Do we want realistic depiction or idealistic?

Yes, there are “mistakes” within the trailer, such as the depiction of the two people with CF walking around their hospital ward without masks. (Other scenes show the woman, played by Haley Lu Richardson, with a mask on.) But let’s face it, we rarely meet a person with CF who follows all of the rules. In fact, the trailer makes it clear that the dude, played by Cole Sprouse, is a rebellious patient who doesn’t want to adhere to the guidelines and prescribed treatments.

If we want a realistic depiction of CF, maybe including two patients — the compliant and the noncompliant — is only fitting. I don’t think an idealistic depiction really hammers in the grueling psychological torture of CF. Noncompliance is, unfortunately, a real and common result of CF mental health issues. I speak as someone who grappled with this problem. Additionally, yes, I know many people with CF who meet in person. I even know three CF patient couples. Some people theorize that this movie will encourage people with CF to meet up and fall in love. Do you really think this movie will have a happy ending? We know our risks and I predict this movie will affirm them.

OK, maybe the romance part is really weird

Yes, I feel weird having my disease romanticized, especially when a popular CF couple died in 2016 and the media called them a “Fault in Our Stars” couple — a prime example of the dangers of CF romance. And I’m tired of seeing chronic illness and disability used only as a romantic plot device. But I can’t place the entire blame on “Five Feet Apart.” I know that this is a general Hollywood representation problem. They romanticize anything, and they seem to believe people with chronic illness and disability are only valuable if someone falls for us despite our myriad problems.

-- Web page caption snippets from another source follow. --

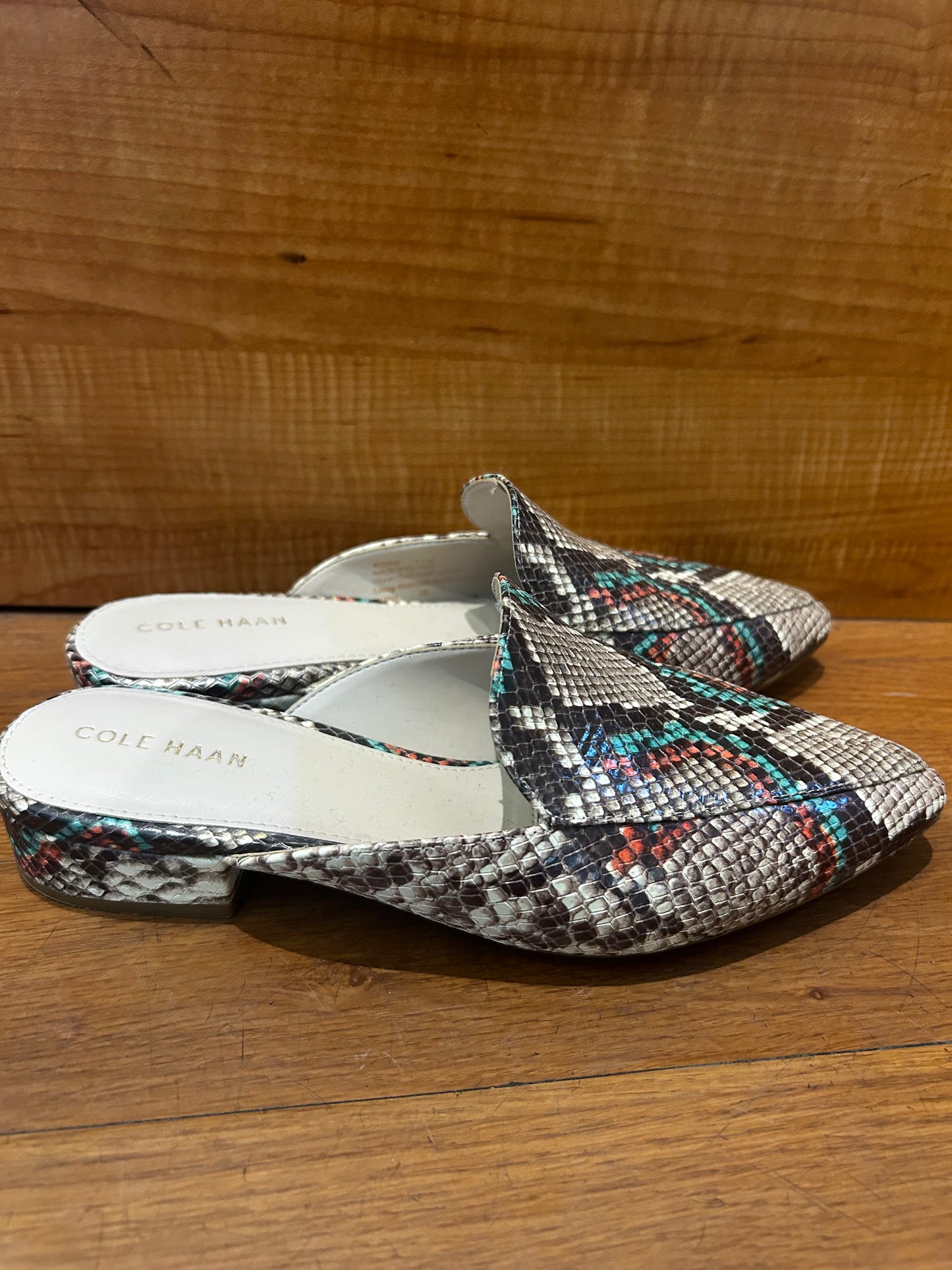 Cole Haan Snake Skin Print Mules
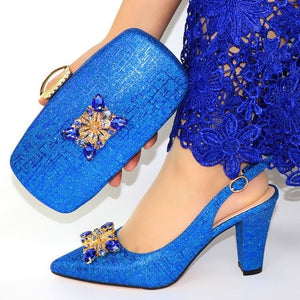 fashion Light Gold Italian Women Matching Shoes and Bag Set Italian Wedding African Shoes And Bag To Match For Party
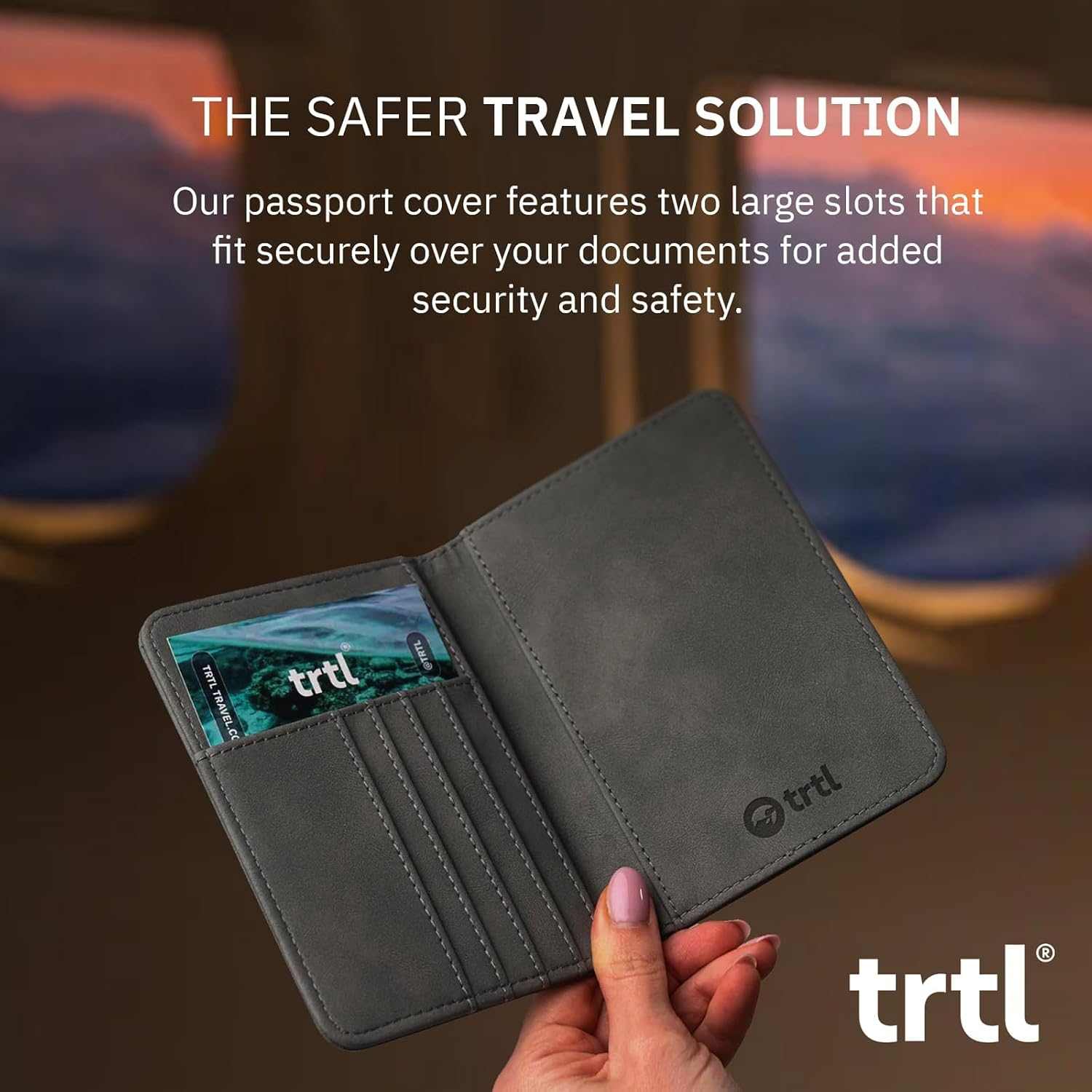 Trtl Passport Cover - Document Organizer for Passport, Credit Cards, and Tickets - Made with Durable, Water-Resistant, Vegan Leather image number 5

It will be hard to wrap my mind around the romanticization of something that’s tried to murder me and has killed many, many friends. But, I don’t know, I guess the trailer at least made the disease seem brutal. I hope people see the movie and think, “This disease is monstrous and we need to stop it.” Let’s stop it.

Let’s own ‘Five Feet Apart’

Claire Wineland and some other people in the CF community were involved in the making of this movie. That doesn’t completely ensure an accurate depiction, but it does give me hope. At the end of the day, accuracy isn’t even my biggest hope. Rather, I hope for CF awareness unlike any known before. I hope for massive funds raised to help us. I hope for people to get a glimpse of the alienation and isolation of CF life. I hope that people care. Of all the forces of the world, who’s better at gaining positive attention than Hollywood? Our invisible disease will be visible for the first time.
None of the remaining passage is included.